### MATERIAL FOR THE TASK

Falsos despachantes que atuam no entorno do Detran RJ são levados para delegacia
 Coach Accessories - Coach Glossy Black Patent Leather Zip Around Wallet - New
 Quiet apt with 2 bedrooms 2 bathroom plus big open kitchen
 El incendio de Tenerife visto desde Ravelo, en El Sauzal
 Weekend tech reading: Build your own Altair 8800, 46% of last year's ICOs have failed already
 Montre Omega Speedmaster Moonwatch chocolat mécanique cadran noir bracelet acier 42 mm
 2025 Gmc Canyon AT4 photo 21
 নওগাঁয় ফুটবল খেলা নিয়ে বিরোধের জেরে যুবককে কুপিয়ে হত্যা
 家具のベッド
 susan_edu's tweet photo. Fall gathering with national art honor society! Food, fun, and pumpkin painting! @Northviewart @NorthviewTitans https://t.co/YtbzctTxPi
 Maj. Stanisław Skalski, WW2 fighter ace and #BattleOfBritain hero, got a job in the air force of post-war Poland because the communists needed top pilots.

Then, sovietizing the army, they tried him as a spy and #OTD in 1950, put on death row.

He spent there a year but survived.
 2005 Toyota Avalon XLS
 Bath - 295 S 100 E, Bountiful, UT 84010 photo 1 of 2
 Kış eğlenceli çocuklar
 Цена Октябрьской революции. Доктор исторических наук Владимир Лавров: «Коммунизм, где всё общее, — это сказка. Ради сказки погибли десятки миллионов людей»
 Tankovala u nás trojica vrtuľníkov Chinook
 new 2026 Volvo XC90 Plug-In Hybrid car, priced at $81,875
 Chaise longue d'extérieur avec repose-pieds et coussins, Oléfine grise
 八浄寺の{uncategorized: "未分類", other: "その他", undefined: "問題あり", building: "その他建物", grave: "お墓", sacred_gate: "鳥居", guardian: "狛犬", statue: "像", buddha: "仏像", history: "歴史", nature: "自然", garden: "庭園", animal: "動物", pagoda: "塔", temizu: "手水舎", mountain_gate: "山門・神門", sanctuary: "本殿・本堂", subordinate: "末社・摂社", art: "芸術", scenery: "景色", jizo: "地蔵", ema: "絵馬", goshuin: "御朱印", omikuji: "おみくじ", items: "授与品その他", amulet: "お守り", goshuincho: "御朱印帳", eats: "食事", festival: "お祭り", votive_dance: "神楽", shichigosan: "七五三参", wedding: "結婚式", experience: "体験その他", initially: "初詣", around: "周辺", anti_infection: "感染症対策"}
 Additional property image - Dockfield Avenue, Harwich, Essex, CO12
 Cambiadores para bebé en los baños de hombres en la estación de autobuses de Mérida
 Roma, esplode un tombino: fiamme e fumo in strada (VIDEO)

######

WHAT IS REQUIRED: Report each line in the entries where the string "with" occurs.

YOUR SOLUTION:
 Quiet apt with 2 bedrooms 2 bathroom plus big open kitchen
 susan_edu's tweet photo. Fall gathering with national art honor society! Food, fun, and pumpkin painting! @Northviewart @NorthviewTitans https://t.co/YtbzctTxPi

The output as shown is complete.